■ Dataset records
· · · ·

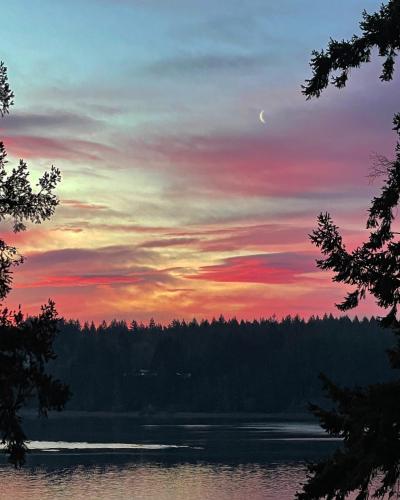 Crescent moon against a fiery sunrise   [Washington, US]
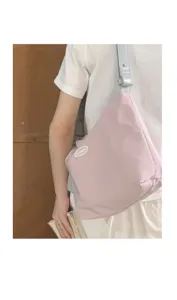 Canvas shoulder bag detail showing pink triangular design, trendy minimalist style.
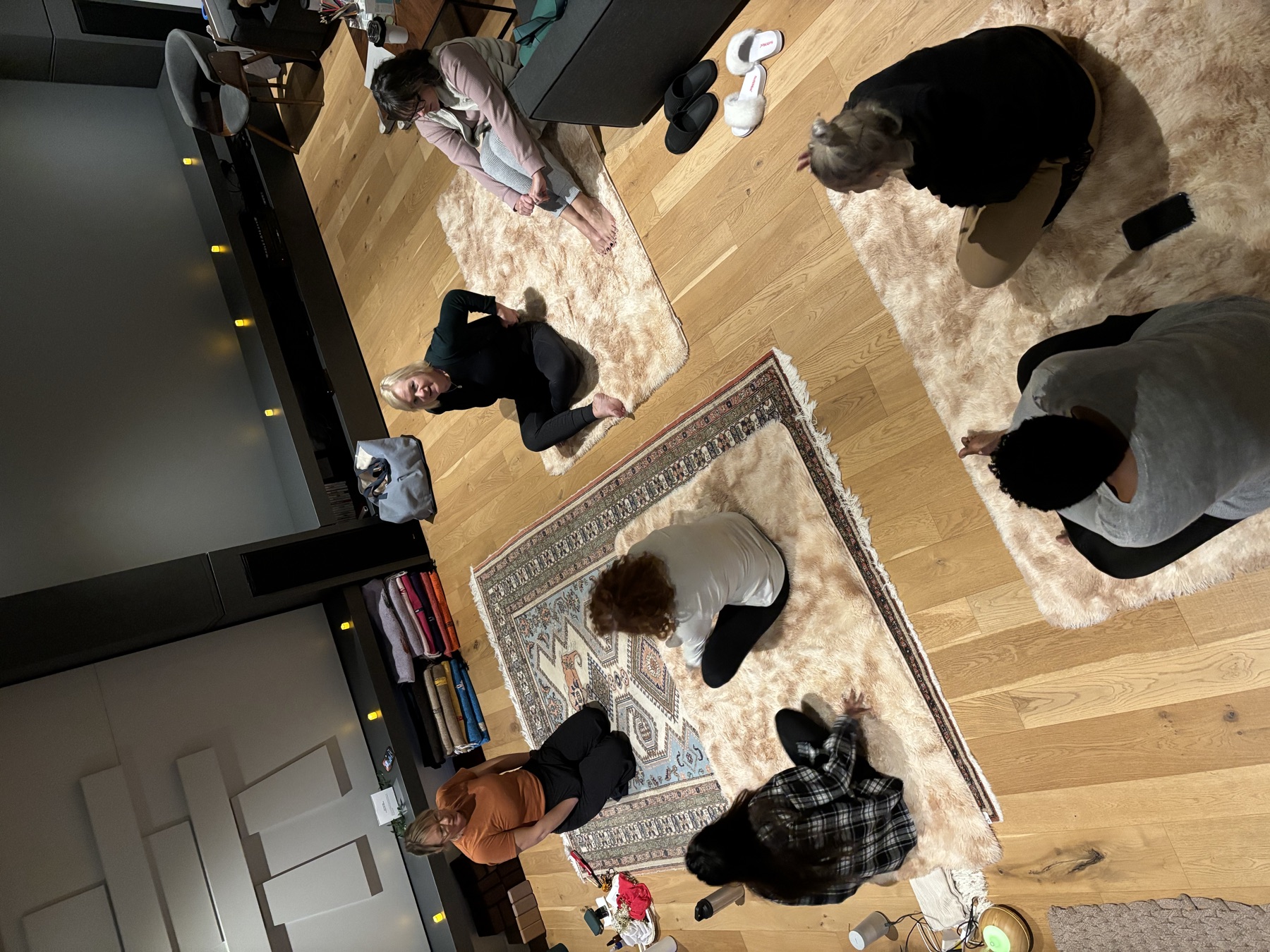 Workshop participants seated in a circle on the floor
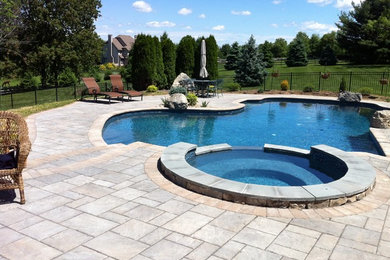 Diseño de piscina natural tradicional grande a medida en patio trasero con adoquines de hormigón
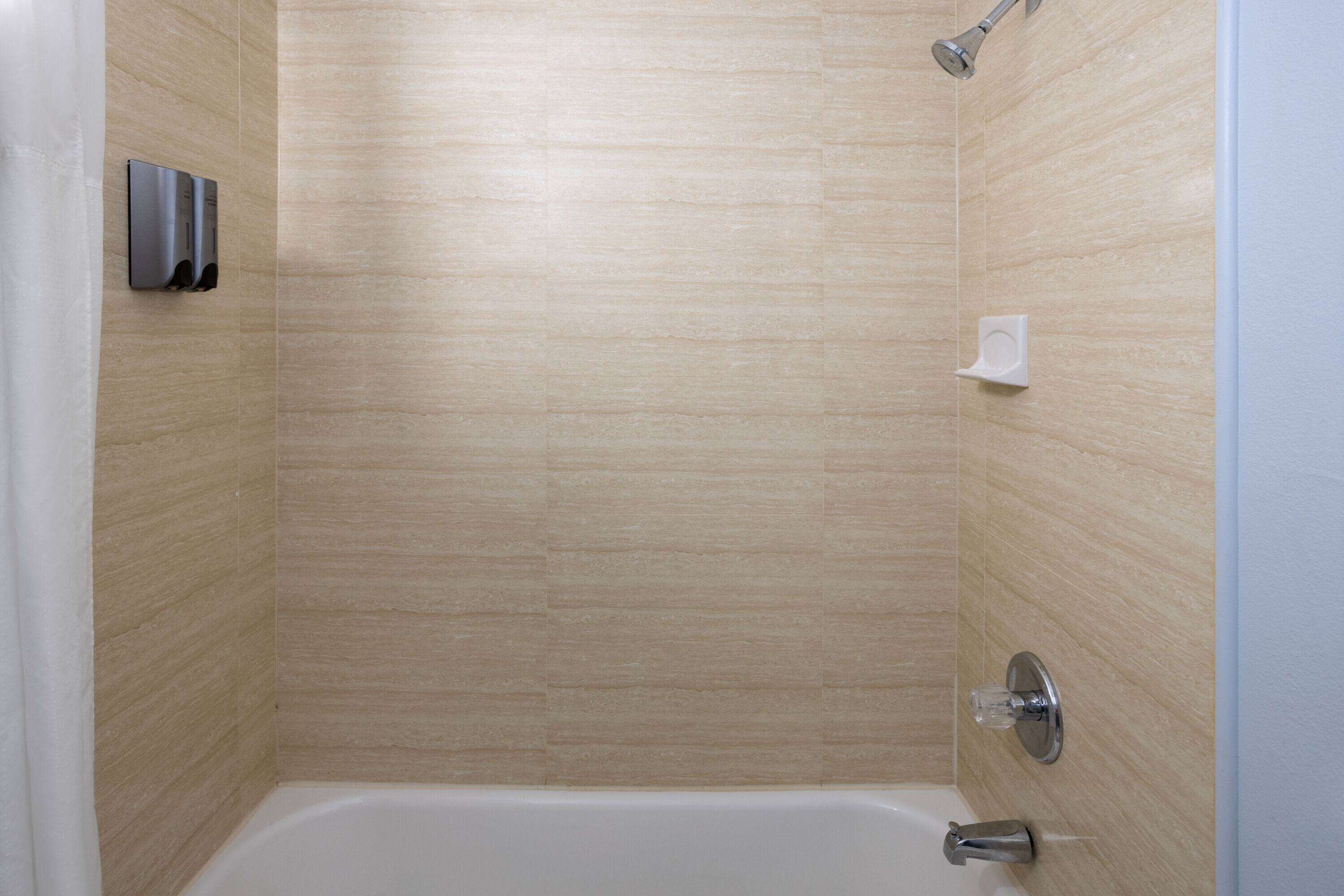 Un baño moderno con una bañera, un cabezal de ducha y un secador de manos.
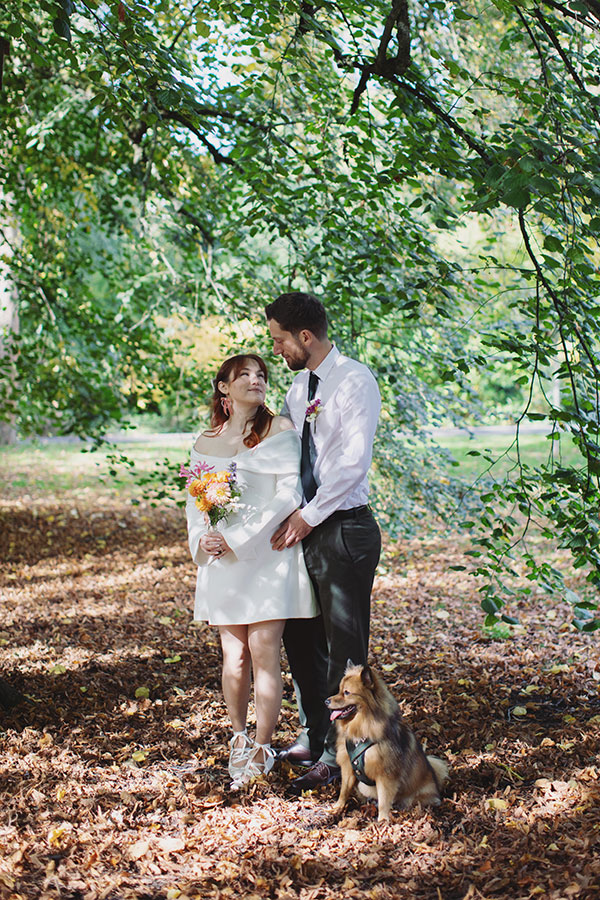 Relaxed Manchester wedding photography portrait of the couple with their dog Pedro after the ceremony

· · · ·

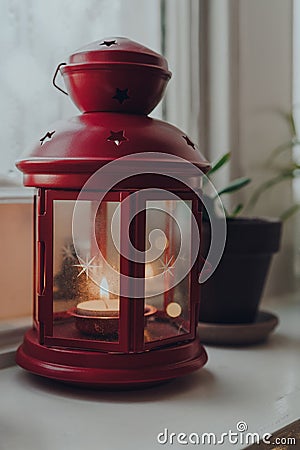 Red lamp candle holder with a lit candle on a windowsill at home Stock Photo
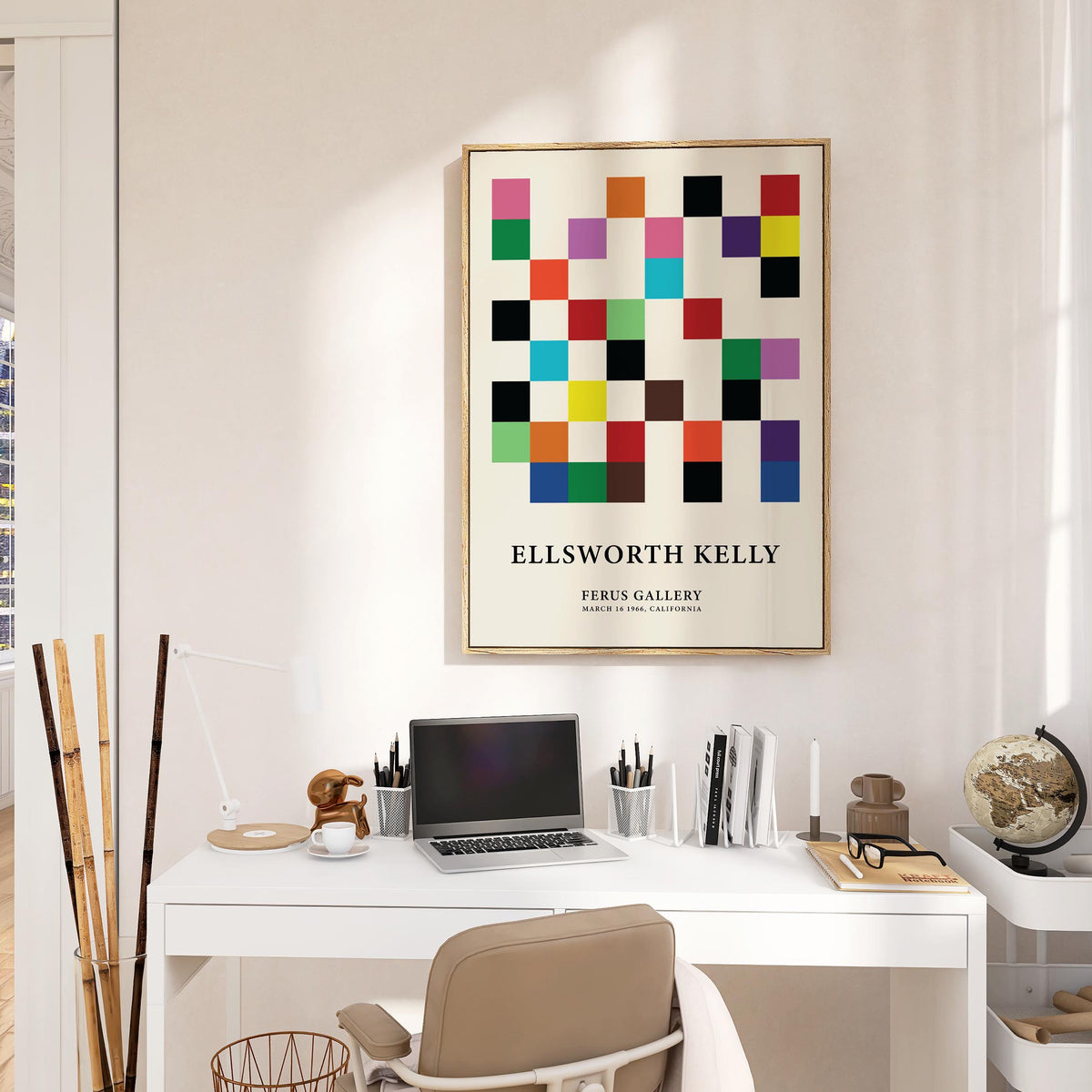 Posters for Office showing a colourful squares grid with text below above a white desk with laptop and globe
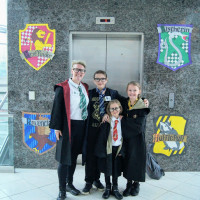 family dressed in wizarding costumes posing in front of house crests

· · · ·

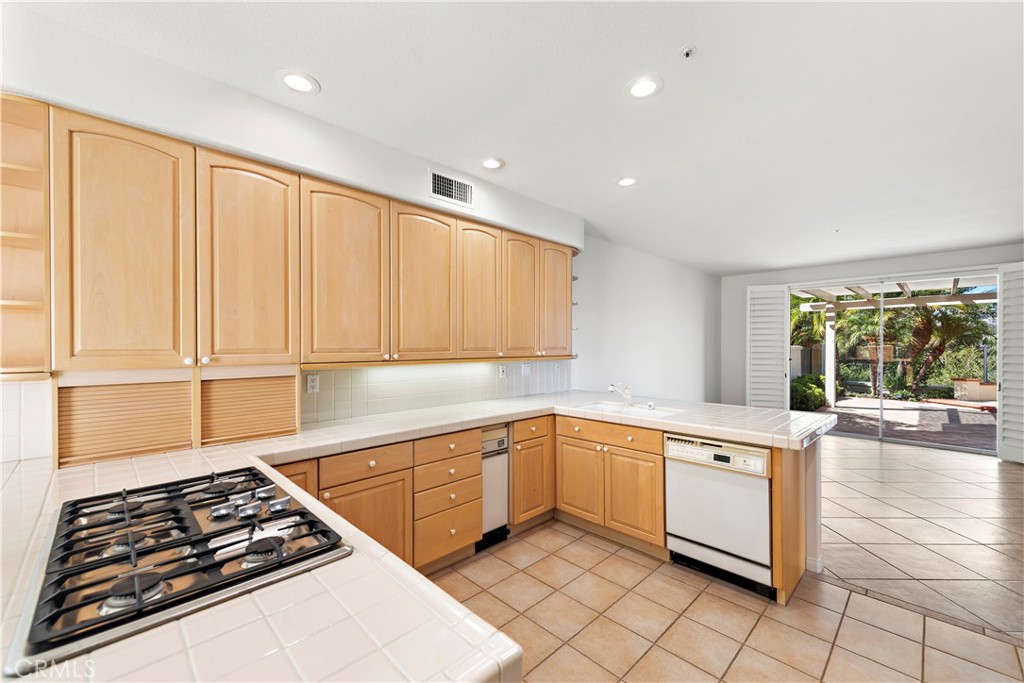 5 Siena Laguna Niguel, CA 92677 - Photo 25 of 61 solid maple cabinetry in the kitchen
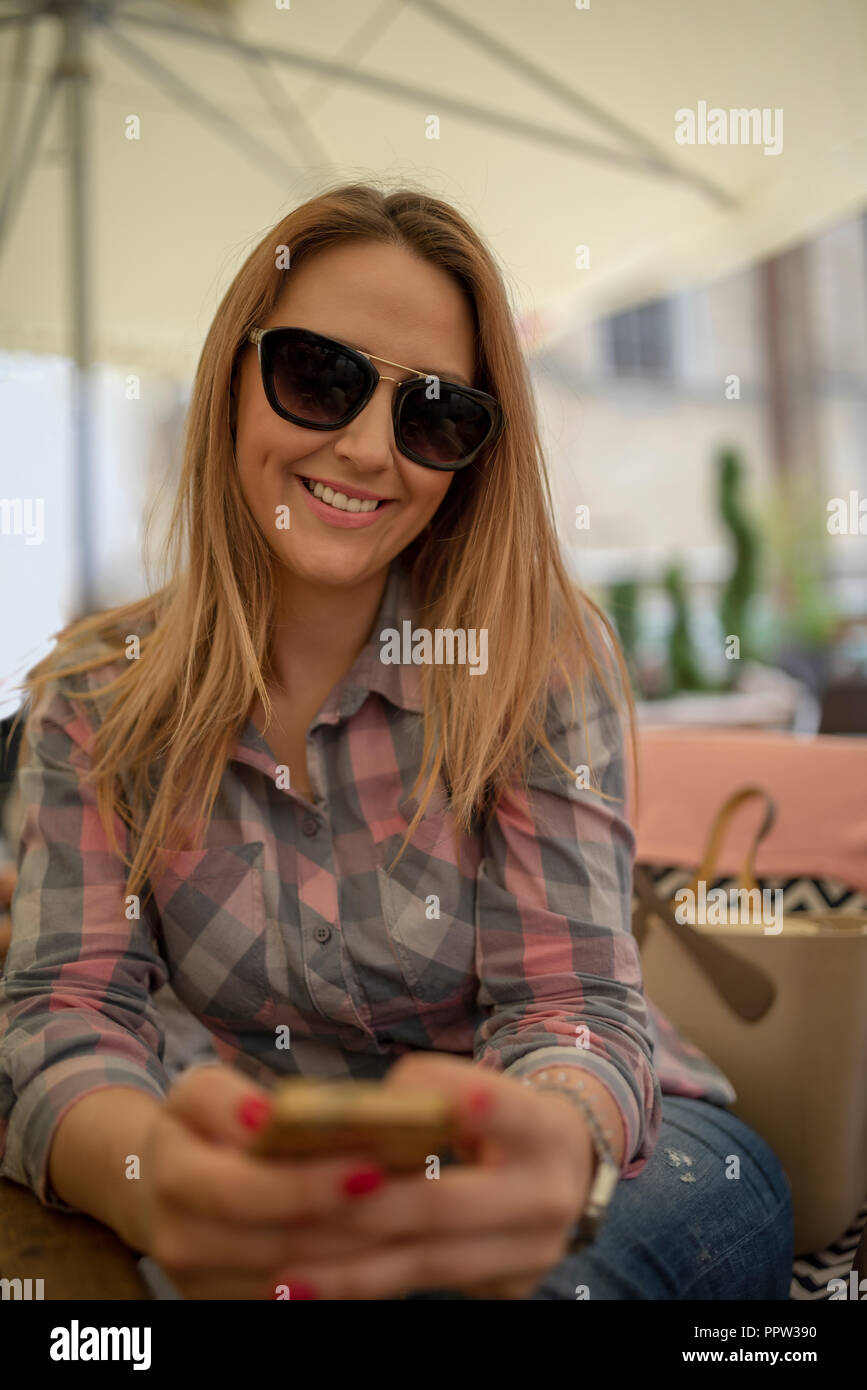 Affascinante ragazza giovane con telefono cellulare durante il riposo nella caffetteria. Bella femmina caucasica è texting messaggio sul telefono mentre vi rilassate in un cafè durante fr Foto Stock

· · · ·

■ What the exercise asks
Give back exactly, and solely, the section of the data above bounded by the line containing "5 Siena Laguna" and the line containing "Affascinante ragazza giovane", both bounding lines included and pictures omitted.

■ Your response
 5 Siena Laguna Niguel, CA 92677 - Photo 25 of 61 solid maple cabinetry in the kitchen
 Affascinante ragazza giovane con telefono cellulare durante il riposo nella caffetteria. Bella femmina caucasica è texting messaggio sul telefono mentre vi rilassate in un cafè durante fr Foto Stock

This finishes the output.